Why (not) pdf?

Text Collector lets you print text messages by converting them to pdf. What we call “text messages,” of course, includes messages with both text and pictures. Sometimes they include other types of attachments, like dirty .gif files, but that’s another article. For now, I’m just discussing images and text.

On the surface, pdf seems ideal: it’s universally viewable, supports pagination, and, unlike images, includes text in a searchable way. But I don’t really like pdf as an ediscovery interchange format.

Why? Pdf is too complicated. As file formats go, it’s far from the worst monster out there, but it’s also far from simple.

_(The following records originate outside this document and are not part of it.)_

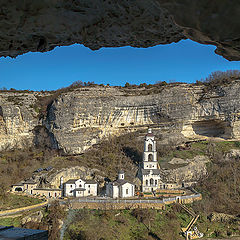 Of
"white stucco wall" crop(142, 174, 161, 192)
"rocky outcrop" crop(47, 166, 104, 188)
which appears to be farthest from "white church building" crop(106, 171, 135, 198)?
"rocky outcrop" crop(47, 166, 104, 188)

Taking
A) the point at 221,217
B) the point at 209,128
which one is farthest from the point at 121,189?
the point at 209,128

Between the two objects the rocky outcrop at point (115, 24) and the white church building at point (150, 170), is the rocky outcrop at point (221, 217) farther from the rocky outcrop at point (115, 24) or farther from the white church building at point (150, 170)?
the rocky outcrop at point (115, 24)

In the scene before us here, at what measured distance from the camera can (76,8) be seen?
8.18ft

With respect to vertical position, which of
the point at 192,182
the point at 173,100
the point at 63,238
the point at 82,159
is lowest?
the point at 63,238

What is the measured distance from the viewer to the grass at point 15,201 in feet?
67.3

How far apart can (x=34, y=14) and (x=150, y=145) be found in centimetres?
2623

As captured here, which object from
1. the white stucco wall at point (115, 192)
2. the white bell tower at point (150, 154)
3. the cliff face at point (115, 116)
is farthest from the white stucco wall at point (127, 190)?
the cliff face at point (115, 116)

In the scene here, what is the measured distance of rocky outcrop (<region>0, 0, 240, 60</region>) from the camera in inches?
75.4

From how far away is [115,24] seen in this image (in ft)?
9.27

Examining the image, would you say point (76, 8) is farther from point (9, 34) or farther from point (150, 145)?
point (150, 145)

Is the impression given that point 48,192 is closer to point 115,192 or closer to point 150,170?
point 115,192

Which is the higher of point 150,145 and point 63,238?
point 150,145

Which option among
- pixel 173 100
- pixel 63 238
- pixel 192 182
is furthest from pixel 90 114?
pixel 63 238

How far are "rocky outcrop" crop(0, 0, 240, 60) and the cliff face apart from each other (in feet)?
102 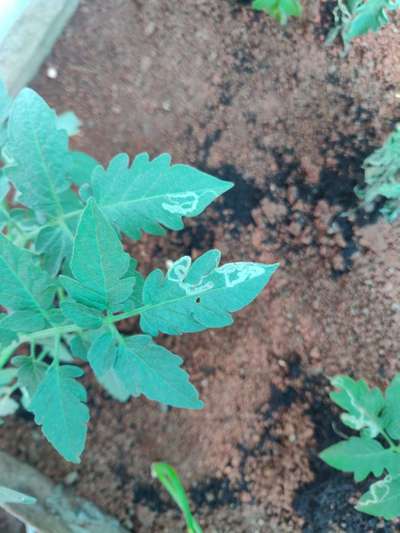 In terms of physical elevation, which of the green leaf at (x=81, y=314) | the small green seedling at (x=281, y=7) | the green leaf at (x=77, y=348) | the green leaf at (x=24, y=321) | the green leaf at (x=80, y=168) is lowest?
the green leaf at (x=77, y=348)

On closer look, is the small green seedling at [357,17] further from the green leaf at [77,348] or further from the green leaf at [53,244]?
the green leaf at [77,348]

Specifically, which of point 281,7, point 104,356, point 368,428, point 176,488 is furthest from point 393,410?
point 281,7

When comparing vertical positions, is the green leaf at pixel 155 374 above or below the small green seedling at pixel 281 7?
below

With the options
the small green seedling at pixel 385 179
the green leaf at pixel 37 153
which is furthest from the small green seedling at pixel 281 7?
the green leaf at pixel 37 153

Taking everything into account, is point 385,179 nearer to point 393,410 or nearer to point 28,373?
point 393,410

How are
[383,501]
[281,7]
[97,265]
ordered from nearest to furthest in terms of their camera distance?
[97,265] < [383,501] < [281,7]

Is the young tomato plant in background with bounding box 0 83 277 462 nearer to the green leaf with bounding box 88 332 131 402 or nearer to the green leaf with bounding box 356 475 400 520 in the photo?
the green leaf with bounding box 88 332 131 402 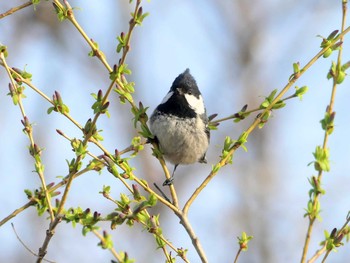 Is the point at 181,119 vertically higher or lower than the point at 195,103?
lower

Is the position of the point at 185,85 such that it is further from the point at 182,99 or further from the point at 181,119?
the point at 181,119

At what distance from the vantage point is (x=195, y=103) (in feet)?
13.4

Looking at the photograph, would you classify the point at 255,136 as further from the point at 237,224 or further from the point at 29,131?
the point at 29,131

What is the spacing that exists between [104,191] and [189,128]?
1.75 metres

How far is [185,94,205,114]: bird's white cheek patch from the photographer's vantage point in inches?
159

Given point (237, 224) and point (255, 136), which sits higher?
point (255, 136)

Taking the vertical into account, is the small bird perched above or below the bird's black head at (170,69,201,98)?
below

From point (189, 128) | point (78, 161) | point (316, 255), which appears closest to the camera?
point (316, 255)

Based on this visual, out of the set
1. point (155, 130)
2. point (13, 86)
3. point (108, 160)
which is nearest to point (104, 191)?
point (108, 160)

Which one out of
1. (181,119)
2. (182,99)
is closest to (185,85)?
(182,99)

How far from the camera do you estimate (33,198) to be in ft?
7.70

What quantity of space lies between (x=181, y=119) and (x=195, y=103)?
151 millimetres

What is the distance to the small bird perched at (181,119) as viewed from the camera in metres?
3.90

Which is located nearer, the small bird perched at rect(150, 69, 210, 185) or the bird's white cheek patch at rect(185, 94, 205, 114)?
the small bird perched at rect(150, 69, 210, 185) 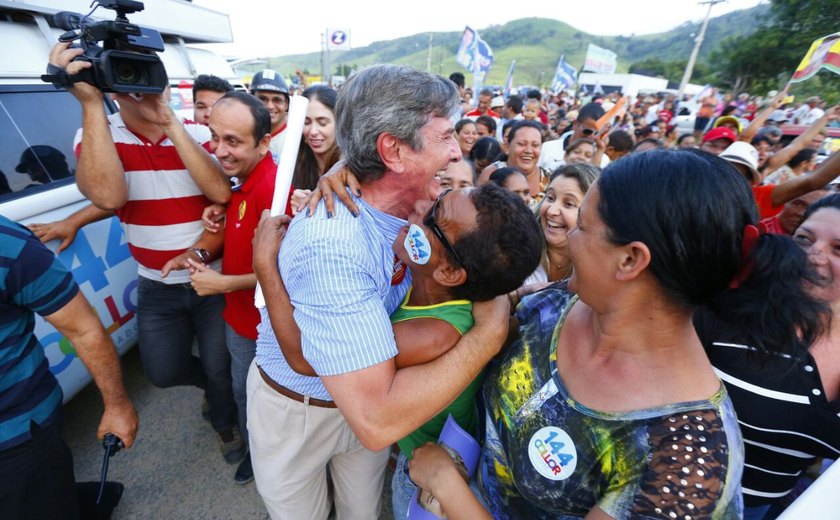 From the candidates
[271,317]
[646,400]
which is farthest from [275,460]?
[646,400]

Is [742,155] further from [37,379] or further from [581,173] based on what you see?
[37,379]

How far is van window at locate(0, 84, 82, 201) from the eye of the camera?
7.91 ft

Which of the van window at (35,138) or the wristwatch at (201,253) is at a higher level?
the van window at (35,138)

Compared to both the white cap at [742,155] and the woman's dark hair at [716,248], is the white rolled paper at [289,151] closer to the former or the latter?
the woman's dark hair at [716,248]

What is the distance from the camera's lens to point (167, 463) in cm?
263

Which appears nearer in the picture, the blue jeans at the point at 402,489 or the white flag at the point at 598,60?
the blue jeans at the point at 402,489

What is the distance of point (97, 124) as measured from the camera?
6.48 feet

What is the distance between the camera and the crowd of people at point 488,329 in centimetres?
87

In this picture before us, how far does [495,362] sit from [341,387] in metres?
0.56

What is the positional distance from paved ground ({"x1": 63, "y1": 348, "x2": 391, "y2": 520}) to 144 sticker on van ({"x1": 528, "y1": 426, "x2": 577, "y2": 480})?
186 centimetres

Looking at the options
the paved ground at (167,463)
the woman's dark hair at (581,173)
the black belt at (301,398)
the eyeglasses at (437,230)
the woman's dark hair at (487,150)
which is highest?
the eyeglasses at (437,230)

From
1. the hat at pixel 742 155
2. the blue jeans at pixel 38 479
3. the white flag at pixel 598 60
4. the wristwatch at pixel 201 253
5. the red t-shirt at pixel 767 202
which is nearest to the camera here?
the blue jeans at pixel 38 479

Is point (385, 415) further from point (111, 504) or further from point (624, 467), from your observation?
point (111, 504)

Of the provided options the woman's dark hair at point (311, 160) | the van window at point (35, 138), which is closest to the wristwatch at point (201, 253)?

As a consequence, the many different programs that generate pdf often get it slightly wrong; they’re not necessarily bad programs: they’re just dealing with a complicated problem and make mistakes.

Pdf viewers grapple with the resultant problems and show you something that looks correct, so everything seems fine at first.

When you want to edit pdf, however, things quickly go wrong. For a typical ediscovery operation like stamping Bates numbers on your pdf files, the small errors compound and you have a significant chance that the result will be illegibly damaged.

Assume some set of pdf files P , and an operation b that you want to do on them to produce an output set, O .

b:P \rightarrow O

You can visually check some number v for correctness.

When the size of O is larger than v there will be some subset E, larger than zero, that is terribly broken.

E \subset O \land |O| > v \Rightarrow |E| > 0

Ulfers’ Law of Batch Pdf Editing

Second, since it is complex, pdf allows all manner of invisible content. This makes redacting pdf hazardous and if you have a highly-developed sense of self-doubt, it’s hard to shake the feeling you’ve done something wrong that allows the redaction to be removed.

So, why does Text Collector convert messages to pdf and not something else?

There are no suitable alternatives. Html is universally viewable but has no notion of pagination and very limited image embedding. Microsoft Word format is too easy to edit, and comparable in complexity to pdf. Mhtml never got universal support and it lacks pagination anyway. Tiffs and text are too large and useless to average people. How about svg?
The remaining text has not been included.